The comparative safety of data on Apple's devices has long been one of their chief selling points, and FBI Director James Comey just can't stand it when Apple plays up those features. And now that Google, too, has taken to tightening up its mobile operating system, he announced to reporters today that he'd been in talks with the companies. "What concerns me about this is companies marketing something expressly to allow people to place themselves above the law," he said, as reported by the Huffington Post.
If you haven't heard, your private information is actually safer with iOS 8 than it has been in the past, according to a new privacy site Apple launched last week. In the past, Apple would store the encryption keys for your iDevices, but as of iOS 8 that's no longer the case. The upshot? Police and other officials can no longer use those codes to gain access to the user's data if they so request it of Apple. Starting next month, Google will start encrypting data by default, leading to a similar protection.
"I like and believe very much that we should have to obtain a warrant from an independent judge to be able to take the content of anyone's closet or their smart phone," Comey said. "The notion that someone would market a closet that could never be opened — even if it involves a case involving a child kidnapper and a court order — to me does not make any sense."
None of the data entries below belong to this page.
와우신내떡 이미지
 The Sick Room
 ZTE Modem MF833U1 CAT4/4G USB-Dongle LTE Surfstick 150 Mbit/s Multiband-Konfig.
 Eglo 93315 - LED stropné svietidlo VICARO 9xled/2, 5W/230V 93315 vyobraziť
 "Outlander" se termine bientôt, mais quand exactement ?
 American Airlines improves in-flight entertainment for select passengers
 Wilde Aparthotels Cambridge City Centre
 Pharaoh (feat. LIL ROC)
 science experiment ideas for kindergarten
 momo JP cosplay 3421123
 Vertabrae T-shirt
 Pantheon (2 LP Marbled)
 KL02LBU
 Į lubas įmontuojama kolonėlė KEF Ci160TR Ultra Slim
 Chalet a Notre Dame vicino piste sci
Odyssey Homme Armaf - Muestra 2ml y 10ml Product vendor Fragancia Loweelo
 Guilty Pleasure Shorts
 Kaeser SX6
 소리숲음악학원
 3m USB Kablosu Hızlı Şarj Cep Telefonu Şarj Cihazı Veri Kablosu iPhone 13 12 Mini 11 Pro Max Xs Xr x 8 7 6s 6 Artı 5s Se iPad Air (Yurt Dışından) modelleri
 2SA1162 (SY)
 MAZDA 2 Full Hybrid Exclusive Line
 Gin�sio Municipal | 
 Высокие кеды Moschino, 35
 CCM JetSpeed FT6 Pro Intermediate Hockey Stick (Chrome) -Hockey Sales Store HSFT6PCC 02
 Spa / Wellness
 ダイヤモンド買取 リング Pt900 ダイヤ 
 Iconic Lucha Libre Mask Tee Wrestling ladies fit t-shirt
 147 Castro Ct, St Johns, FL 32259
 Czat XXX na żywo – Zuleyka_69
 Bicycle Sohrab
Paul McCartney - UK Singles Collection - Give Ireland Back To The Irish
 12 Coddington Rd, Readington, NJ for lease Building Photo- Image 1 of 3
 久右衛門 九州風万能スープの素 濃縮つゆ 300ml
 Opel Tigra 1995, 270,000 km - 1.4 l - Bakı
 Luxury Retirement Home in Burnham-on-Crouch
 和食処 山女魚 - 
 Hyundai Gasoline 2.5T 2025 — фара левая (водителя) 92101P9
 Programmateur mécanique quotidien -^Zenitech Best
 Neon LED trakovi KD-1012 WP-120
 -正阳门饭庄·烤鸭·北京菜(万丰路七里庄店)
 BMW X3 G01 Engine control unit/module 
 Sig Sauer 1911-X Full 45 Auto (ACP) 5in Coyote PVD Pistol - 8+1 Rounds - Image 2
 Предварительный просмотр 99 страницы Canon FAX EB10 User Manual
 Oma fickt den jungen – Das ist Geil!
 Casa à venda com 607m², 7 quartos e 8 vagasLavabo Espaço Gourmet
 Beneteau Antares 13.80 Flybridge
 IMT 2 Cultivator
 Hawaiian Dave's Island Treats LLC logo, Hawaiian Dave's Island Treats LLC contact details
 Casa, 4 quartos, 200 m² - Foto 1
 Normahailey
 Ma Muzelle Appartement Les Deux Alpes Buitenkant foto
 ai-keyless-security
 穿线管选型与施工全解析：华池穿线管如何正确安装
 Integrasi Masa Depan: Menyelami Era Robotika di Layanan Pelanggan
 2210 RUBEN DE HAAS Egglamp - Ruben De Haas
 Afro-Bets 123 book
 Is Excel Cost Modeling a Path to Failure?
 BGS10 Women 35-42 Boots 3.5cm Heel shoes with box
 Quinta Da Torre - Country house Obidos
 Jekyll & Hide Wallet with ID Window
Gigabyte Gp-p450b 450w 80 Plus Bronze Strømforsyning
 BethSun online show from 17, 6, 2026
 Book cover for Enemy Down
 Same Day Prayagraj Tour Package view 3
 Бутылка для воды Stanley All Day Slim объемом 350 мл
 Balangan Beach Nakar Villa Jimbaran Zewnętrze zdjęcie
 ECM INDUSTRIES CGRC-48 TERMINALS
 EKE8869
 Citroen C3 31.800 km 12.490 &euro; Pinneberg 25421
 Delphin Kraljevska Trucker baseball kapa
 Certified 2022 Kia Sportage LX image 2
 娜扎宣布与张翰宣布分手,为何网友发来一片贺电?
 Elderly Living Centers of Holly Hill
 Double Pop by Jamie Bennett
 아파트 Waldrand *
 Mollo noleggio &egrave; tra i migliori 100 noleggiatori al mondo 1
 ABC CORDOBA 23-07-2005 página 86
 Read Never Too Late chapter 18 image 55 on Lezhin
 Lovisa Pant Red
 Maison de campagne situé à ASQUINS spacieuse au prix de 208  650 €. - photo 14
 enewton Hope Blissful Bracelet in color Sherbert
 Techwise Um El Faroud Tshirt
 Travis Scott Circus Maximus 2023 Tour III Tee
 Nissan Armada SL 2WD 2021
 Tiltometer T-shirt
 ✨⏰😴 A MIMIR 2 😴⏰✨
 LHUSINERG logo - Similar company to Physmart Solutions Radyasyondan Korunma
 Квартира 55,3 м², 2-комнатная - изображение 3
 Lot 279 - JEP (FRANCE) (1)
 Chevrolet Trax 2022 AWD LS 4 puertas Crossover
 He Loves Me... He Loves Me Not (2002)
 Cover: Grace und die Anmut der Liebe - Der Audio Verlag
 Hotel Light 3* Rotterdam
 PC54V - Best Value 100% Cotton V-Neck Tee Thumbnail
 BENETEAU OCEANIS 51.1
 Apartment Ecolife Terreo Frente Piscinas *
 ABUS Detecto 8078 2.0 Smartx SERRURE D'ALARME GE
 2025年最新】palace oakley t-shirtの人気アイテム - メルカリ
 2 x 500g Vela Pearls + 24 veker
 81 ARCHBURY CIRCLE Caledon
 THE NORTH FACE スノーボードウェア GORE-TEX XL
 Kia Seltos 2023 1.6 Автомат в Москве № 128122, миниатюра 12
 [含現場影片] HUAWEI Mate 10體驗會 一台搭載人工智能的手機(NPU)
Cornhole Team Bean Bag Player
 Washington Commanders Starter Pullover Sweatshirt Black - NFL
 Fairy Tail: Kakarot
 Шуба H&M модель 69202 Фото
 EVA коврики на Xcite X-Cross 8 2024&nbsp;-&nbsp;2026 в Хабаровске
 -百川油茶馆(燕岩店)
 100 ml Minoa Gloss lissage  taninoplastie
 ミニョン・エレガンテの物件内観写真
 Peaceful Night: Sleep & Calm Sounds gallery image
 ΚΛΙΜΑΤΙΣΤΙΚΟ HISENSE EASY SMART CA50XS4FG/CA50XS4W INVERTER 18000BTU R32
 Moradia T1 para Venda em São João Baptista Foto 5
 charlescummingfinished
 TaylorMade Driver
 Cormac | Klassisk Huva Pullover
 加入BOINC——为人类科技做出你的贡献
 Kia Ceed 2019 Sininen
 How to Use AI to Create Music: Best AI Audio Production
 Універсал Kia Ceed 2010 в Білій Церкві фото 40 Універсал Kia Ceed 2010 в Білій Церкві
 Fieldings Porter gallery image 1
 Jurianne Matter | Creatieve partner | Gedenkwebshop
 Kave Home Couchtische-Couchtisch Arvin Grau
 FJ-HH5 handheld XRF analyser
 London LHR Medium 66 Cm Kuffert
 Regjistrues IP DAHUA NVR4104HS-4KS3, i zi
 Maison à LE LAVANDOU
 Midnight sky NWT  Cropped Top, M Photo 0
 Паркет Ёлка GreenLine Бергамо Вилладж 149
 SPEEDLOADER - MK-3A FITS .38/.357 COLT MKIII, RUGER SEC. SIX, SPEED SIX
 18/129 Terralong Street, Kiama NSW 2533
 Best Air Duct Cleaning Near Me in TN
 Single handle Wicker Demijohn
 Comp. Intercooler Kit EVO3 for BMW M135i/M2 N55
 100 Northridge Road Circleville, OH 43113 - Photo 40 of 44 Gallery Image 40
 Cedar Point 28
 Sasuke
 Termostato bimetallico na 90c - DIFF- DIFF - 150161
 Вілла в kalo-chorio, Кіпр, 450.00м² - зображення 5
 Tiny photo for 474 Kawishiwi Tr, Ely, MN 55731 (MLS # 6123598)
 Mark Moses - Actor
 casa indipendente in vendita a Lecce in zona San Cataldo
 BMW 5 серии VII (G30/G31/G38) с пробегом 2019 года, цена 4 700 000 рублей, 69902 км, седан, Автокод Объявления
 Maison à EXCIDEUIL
The trouble is that Comey's concerns don't make sense to many supporters of Apple and Google's privacy measures, particularly since there's some worry that actions such as Comey is describing may conflict with the Fourth Amendment of the U.S. Constitution.
Specifically, the amendment reads: "The right of the people to be secure in their persons, houses, papers, and effects, against unreasonable searches and seizures, shall not be violated, and no warrants shall issue, but upon probable cause, supported by oath or affirmation, and particularly describing the place to be searched, and the persons or things to be seized."
For his part, Comey seems to believe that "probable cause" is the key issue here, and during the press conference, he specifically seems concerned with Apple and Google's marketing of the feature.
"There will come a day — well it comes every day in this business — when it will matter a great, great deal to the lives of people of all kinds that we be able to with judicial authorization gain access to a kidnapper's or a terrorist or a criminal's device," he said.
Comey also claims that he just wants "make sure we have a good conversation in this country" before an incident occurs where such measures are absolutely necessary. Furthermore, he acknowledges that the opposition to the NSA in the wake of Edward Snowden's revelations has "started an understandable pendulum swing."
"What I'm worried about is," he said, "this is an indication to us as a country and as a people that, boy, maybe that pendulum swung too far."